I think that is a bit misleading, if I'm understanding correctly this
is called once you get the lock (but in either fast or slow path)

> +static __always_inline void
> +mutex_set_reservation_fastpath(struct ticket_mutex *lock,
> +                              unsigned long reservation_id, bool check_res)
> +{
> +       unsigned long flags;
> +       struct mutex_waiter *cur;
> +
> +       if (check_res || config_enabled(CONFIG_DEBUG_LOCK_ALLOC)) {
> +               unsigned long cur_id;
> +
> +               cur_id = atomic_long_xchg(&lock->reservation_id,
> +                                         reservation_id);
> +#ifdef CONFIG_DEBUG_LOCK_ALLOC
> +               if (check_res)
> +                       DEBUG_LOCKS_WARN_ON(cur_id &&
> +                                          cur_id != reservation_id);
> +               else
> +                       DEBUG_LOCKS_WARN_ON(cur_id);
> +               lockdep_assert_held(&lock->base);
> +#endif
> +
> +               if (unlikely(cur_id == reservation_id))

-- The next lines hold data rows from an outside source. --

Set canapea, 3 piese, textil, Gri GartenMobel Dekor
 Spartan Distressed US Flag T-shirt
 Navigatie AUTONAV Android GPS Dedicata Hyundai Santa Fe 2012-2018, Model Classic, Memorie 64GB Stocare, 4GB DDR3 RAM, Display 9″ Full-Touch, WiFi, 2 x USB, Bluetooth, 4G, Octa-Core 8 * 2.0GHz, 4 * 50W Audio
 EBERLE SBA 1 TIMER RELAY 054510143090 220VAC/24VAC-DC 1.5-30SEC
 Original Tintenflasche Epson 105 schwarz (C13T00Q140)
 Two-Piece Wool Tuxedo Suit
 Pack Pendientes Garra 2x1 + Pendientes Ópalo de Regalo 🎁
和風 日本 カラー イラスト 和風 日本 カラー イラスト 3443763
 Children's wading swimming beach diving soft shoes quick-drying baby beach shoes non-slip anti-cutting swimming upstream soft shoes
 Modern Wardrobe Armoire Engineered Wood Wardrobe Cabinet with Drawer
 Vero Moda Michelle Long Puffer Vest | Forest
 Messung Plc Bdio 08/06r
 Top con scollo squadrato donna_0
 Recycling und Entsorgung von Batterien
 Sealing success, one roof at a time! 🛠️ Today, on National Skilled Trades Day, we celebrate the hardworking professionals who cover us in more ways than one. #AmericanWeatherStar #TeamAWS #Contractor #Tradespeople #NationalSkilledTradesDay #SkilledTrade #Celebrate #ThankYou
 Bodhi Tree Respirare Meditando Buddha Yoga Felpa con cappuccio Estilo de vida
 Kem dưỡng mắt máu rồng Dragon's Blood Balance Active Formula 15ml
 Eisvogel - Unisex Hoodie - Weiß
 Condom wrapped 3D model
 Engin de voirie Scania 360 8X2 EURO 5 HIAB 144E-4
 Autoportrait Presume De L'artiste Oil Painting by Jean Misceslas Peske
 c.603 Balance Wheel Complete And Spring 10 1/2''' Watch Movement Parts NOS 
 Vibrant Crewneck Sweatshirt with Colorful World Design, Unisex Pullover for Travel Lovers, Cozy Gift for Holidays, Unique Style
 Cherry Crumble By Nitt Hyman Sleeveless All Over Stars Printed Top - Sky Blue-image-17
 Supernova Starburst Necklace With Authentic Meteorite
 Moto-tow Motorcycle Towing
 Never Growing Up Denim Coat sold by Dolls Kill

> +                       return;
> +       } else
> +               atomic_long_set(&lock->reservation_id, reservation_id);
> +
> +       /*
> +        * Check if lock is contended, if not there is nobody to wake up
> +        */
> +       if (likely(atomic_read(&lock->base.count) == 0))
> +               return;
> +
> +       /*
> +        * Uh oh, we raced in fastpath, wake up everyone in this case,
> +        * so they can see the new reservation_id
> +        */
> +       spin_lock_mutex(&lock->base.wait_lock, flags);
> +       list_for_each_entry(cur, &lock->base.wait_list, list) {
> +               debug_mutex_wake_waiter(&lock->base, cur);
> +               wake_up_process(cur->task);
> +       }
> +       spin_unlock_mutex(&lock->base.wait_lock, flags);
> +}
> +
>  /*
>   * Lock a mutex (possibly interruptible), slowpath:
>   */
>  static inline int __sched
>  __mutex_lock_common(struct mutex *lock, long state, unsigned int subclass,
> -                   struct lockdep_map *nest_lock, unsigned long ip)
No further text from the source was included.